‘Primate AI algorithm’ predicts genetic health risks

A global team of scientists has discovered how to make more accurate predictions of genetic mutations that cause disease in humans after applying AI techniques to an expanded primate DNA database.

The project combined the genetic information of about 800 primates belonging to 233 species of apes, monkeys and lemurs. An AI algorithm based on the genomic database was then used to analyse the DNA of 454,000 human participants in the UK Biobank project, with the results showing “greatly improved genetic risk prediction”, the researchers said.

“We have demonstrated that the more we learn about genetic variation in non-human primates, the better we can make predictions about what mutations are likely to cause disease in humans,” said Jeffrey Rogers of Baylor College of Medicine, one of the consortium leaders.

The consortium’s work will boost insights into human genetics and aid health research, particularly for groups who are not well covered by previous medical studies, while improving guidance for conservationists seeking to protect dwindling primate populations. Results were published on Thursday in the journal Science.

The academic researchers teamed up with Illumina, the US company making DNA sequencing equipment, to identify 4.3mn common genetic variants found in the genomes of 233 primate species. To predict their health effects, they trained an AI algorithm called PrimateAI-3D with data about these mutations and the three-dimensional structures of the proteins they produce.

“You can train a generative language model such as ChatGPT on existing text from Wikipedia and elsewhere,” said Kyle Farh, Illumina vice-president for AI. “We used analogous deep learning architecture but our data come from millions of years of natural selection.”

The scientists then applied PrimateAI-3D to identify potentially harmful human mutations, using DNA and medical data from 454,000 volunteers who have donated samples to UK Biobank.

The results were particularly successful at finding rare genetic variants that confer a high risk of common disease. Farh said PrimateAI-3D was 12 per cent more accurate overall than any previous method of assessing genetic risks of developing health problems such as cardiovascular disease and type 2 diabetes.

An advantage of the new technique, he added, was that it applied equally well across humanity — overcoming bias towards populations with white European ancestry inherent in existing assessments of genetic risks, which are based primarily on data from these groups.

“It is a step towards the implementation of genetic-based medicine for diverse non-European populations,” Farh said.

The genomic research also has important implications for the primates themselves.
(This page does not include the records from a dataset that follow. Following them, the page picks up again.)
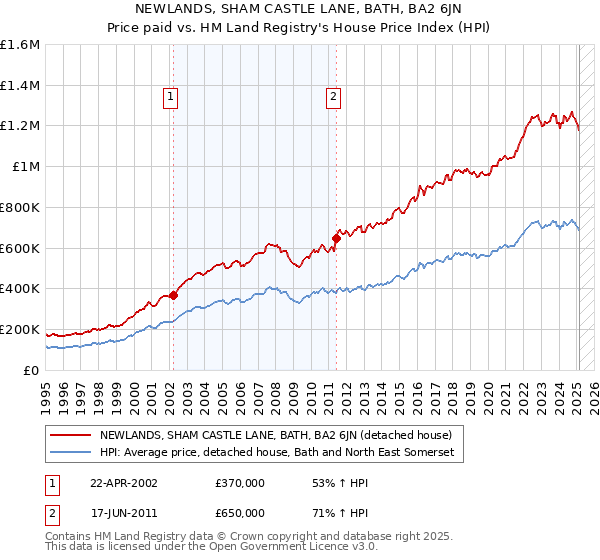 NEWLANDS, SHAM CASTLE LANE, BATH, BA2 6JN: Price paid vs HM Land Registry's House Price Index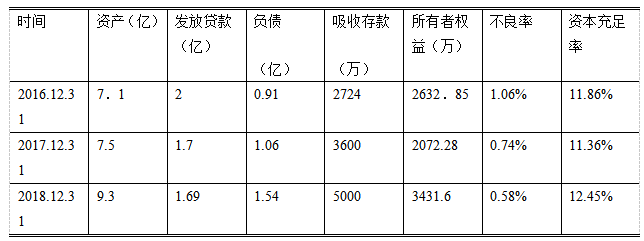 关于县级银行内部审计中存在的问题 --以攀枝花农行银行为例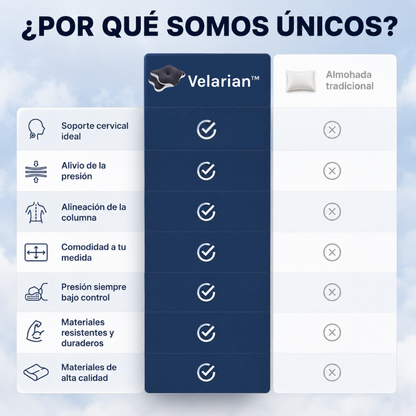 Almohada Ergonómica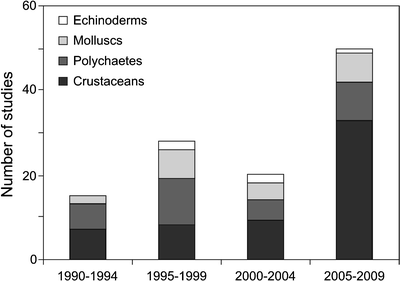 figure 2_1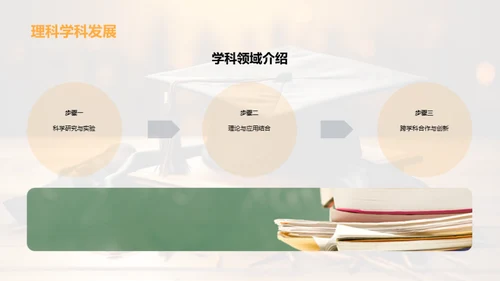 大学生涯规划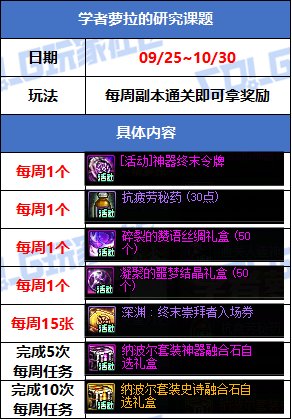 【攻略：版本活动】通关周常副本领深渊令牌，金秋签到拿双倍土罐！3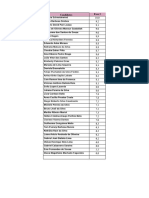 Prova Oral Resultado-Mestrado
For Rogers, “the biggest surprise was to learn that the level of genetic variation in primate species is typically two, three or even four times higher than in humans. This gives us a perspective on human genetic variation which is very low, even among people in Africa, by the standards of other primates.”

Ancestral humans are believed to have lost genetic diversity when populations dwindled to very low numbers tens or hundreds of thousands of years ago.

Primate genetic diversity, found even in very rare and endangered species, could also boost animal conservation, Rogers added: “If we can save the habitats, there’s enough genetic variation in the surviving populations.”

Jean Boubli, professor of tropical ecology and conservation at Salford university and a leading member of the consortium, called its work a “game-changer in studying many aspects of primate evolution. Many of these species are under threat and the results here could help with conservation efforts,” he said.